* Required work: Word for word, retype the lines from the one containing "Ohio State Buckeyes" to the one containing "Force NXT Red" below, keeping both end lines and dropping the pictures.

* Recorded data:
▶

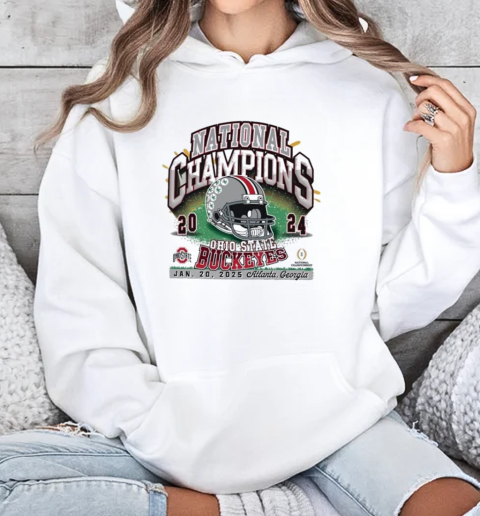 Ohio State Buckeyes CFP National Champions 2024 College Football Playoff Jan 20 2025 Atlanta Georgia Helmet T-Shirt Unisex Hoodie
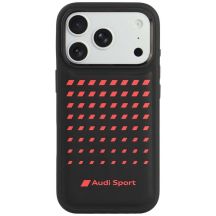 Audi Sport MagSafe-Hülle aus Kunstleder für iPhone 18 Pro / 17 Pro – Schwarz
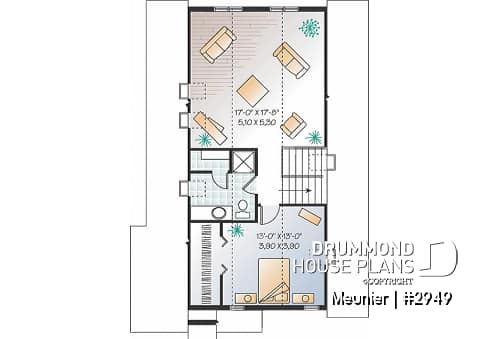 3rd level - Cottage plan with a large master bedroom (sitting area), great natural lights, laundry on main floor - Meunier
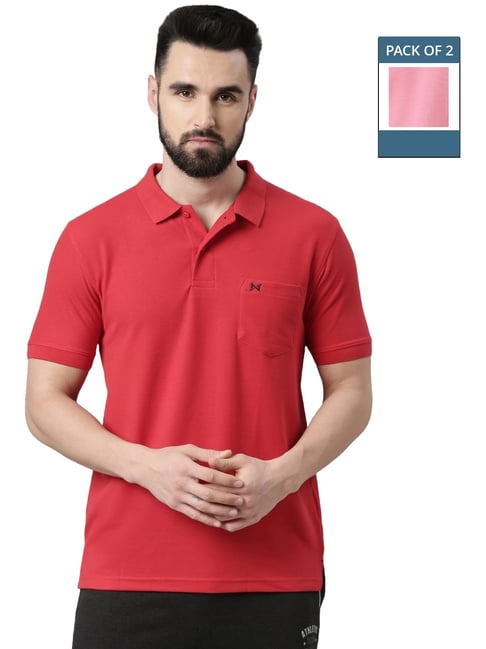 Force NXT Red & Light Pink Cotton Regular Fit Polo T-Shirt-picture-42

◀
▶

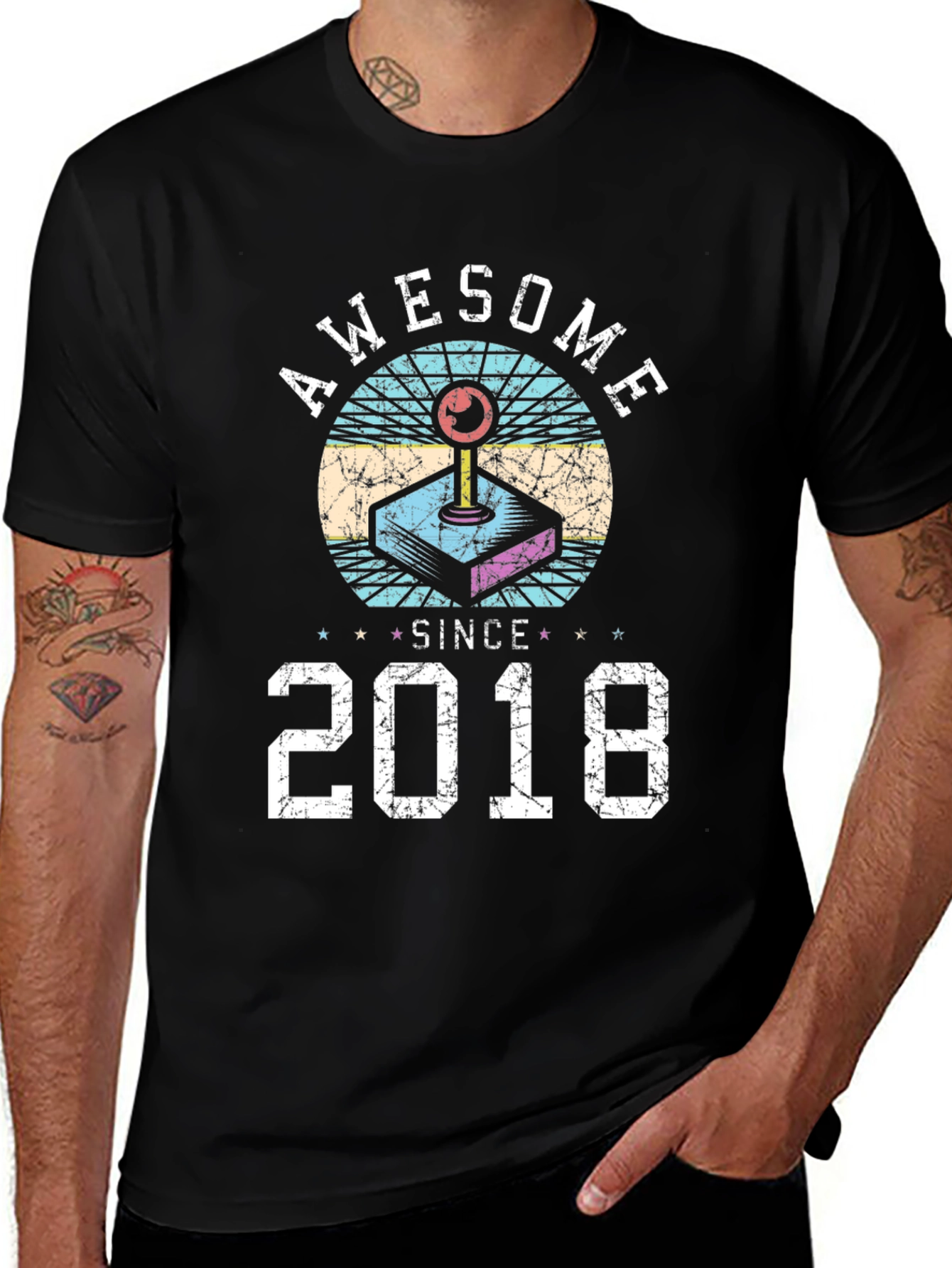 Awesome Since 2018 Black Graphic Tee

◀
▶

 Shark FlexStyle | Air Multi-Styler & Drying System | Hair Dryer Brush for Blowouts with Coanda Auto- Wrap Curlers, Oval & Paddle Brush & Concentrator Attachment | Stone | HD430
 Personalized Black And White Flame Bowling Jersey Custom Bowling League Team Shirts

◀

* Exercise solution:
 Ohio State Buckeyes CFP National Champions 2024 College Football Playoff Jan 20 2025 Atlanta Georgia Helmet T-Shirt Unisex Hoodie
 Audi Sport MagSafe-Hülle aus Kunstleder für iPhone 18 Pro / 17 Pro – Schwarz
 3rd level - Cottage plan with a large master bedroom (sitting area), great natural lights, laundry on main floor - Meunier
 Force NXT Red & Light Pink Cotton Regular Fit Polo T-Shirt-picture-42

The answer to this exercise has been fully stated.